> _Exercise data_:
__________
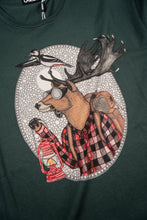 Indlæs billede til gallerivisning Pathfinders T-shirt (Green Gables)
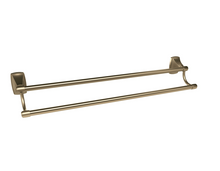 Load image into Gallery viewer, Amerock Clarendon 24" Double Towel Bar
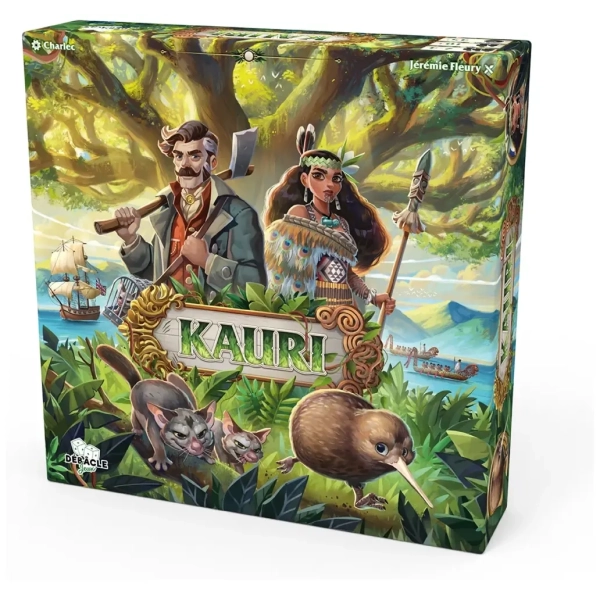 Kauri - DE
__________
> _What you are asked to do_: Pictures in the listing above must be skipped; everything else should be copied exactly.

> _Written solution_:
 Indlæs billede til gallerivisning Pathfinders T-shirt (Green Gables)
 Load image into Gallery viewer, Amerock Clarendon 24" Double Towel Bar
 Kauri - DE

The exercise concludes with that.